Digital Measurement of the Diameter of the Collagen Fibers by Transmission Electron Microscopy for Diagnosis of Ehlers-Danlos Syndrome-Like in Small Animals

Victor José Vieira Rossetto, Camila Crepaldi Ferranti, Bruna Fernanda Firmo, Daniela Adachi Miazaki, Daniela Carvalho dos Santos, Júlio Lopes Sequeira, Cláudia Valéria Seullner Brandão

Abstract


Background: Ehlers-Danlos-Like Syndrome (EDS) is a rare disease in small animals, whose diagnosis is based on the clinical findings and histopathological examination. The definitive diagnosis may require transmission electron microscopy. Despite this, the ultrastructural changes are poorly described in the literature. The aim of the present study is to describe the ultrastructural findings of collagen fibers and fibroblasts present in the dermis of two animals with EDS, and to evaluate the digital measurement of the diameter of the collagen fibers by transmission electron microscopic images.

Cases: Two animals were evaluated with EDS by transmission electron microscopy. The first animal was an 1-year-old mixed breed female cat, due to spontaneous skin laceration, increased skin elasticity and an extensibility index corresponding to 25%. The second animal evaluated was a 5-month-old Golden Retriever female dog due to articular hypermobility, increased skin elasticity and an extensibility index corresponding to 16.6%. After a skin biopsy of the interscapular and lumbar regions, the samples were fixed in formalin 10% and glutaraldehyde for, respectively, histopathological examination by HE staining, and transmission electron microscopy. The histopathology of the affected cat revealed collagen fibers shortened and sometimes fragmented. The histopathology of the affected dog revealed disarranged and more eosinophilic staining collagen fibers. The collagen fibers were also of unequal sizes, shortened and slightly undulate. At the transmission electron microscopy of the affected cat was evidenced a greater spacing of the collagen fibers of variable diameters. Further this, the fibroblasts showed elongated nuclei with heterochromatic regions, which was surrounded externally by scant cytoplasm. The cytoplasm showed elongated and discrete organelles.

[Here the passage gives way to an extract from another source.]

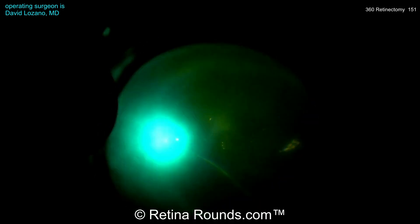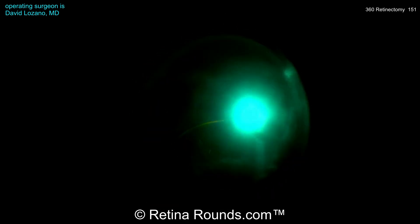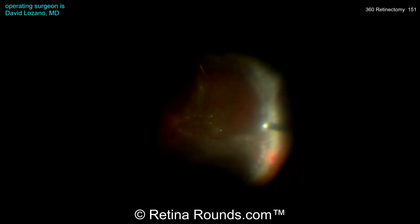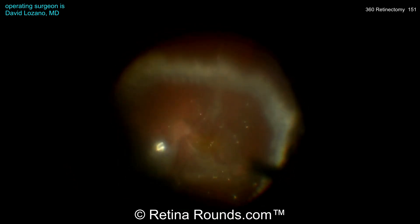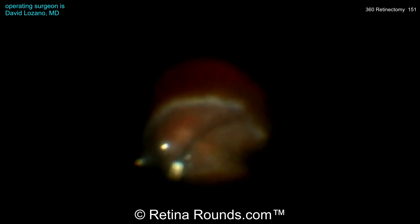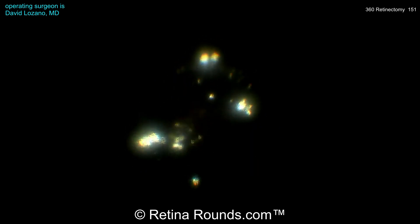Once the retinectomy is done, perfluorocarbon liquid is used to completely flatten the retina, and now Dr. Lozano is applying laser. The laser around a retinectomy edge should be about three rows of near-confluent laser. You do have to be careful, especially with the diathermized edge, that you don't mistake the whitening of the diathermy for whitening of laser. Make sure that spots are performed in three rows to near-confluent spots. An air-fluid exchange is then performed and silicone oil is instilled as a tamponade agent.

At the transmission electron microscopy of the affected dog was evidenced a greater spacing of the collagen fibers of variable diameters. Further this, fibroblasts exhibited intense cytoplasmic vacuolization with similar appearance to that found in the dying process by autophagy. In addition, the images obtained by transmission electron microscopy were submitted to digital analysis to measure the diameter of the collagen fibers using the software Image J. For this purpose, it was obtained the average of the diameter of 10 collagen fibers in cross-section into four quadrants of 1μm each. The digital analysis of collagen fibers revealed significant alterations in the ultrastructure of collagen. In addition, it was verified cellular changes, such as the large amount of intracytoplasmic vesicles and the small amount of collagen fibers dispersed around the cells.

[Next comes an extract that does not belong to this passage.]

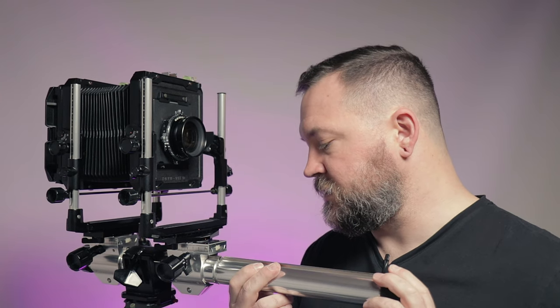When you lock an adjustment down, it stays put — it doesn't move. And this kit also came with an extension for the monorail that screws on the front and makes it possible to extend the bellows really far.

Discussion: Microscopic abnormalities visualized by HE staining in this present study were compatible with the literature Transmission electron microscopy is fundamental to confirm the suspicion, since it revealed dermal alterations in the ultrastructure of collagen and fibroblasts. These findings indicate possible failure mechanisms of secretion and release of cellular products, as well as collagen. The digital measurement of the diameter of the collagen fibers contributed to the confirmation of the disease, since it was made randomly and reduced the subjectivity inherent of the evaluator. However, there are no studies using this method to allocate a range of significance for the diameter of collagen fibers that may be considered suggestive for the syndrome in small animals.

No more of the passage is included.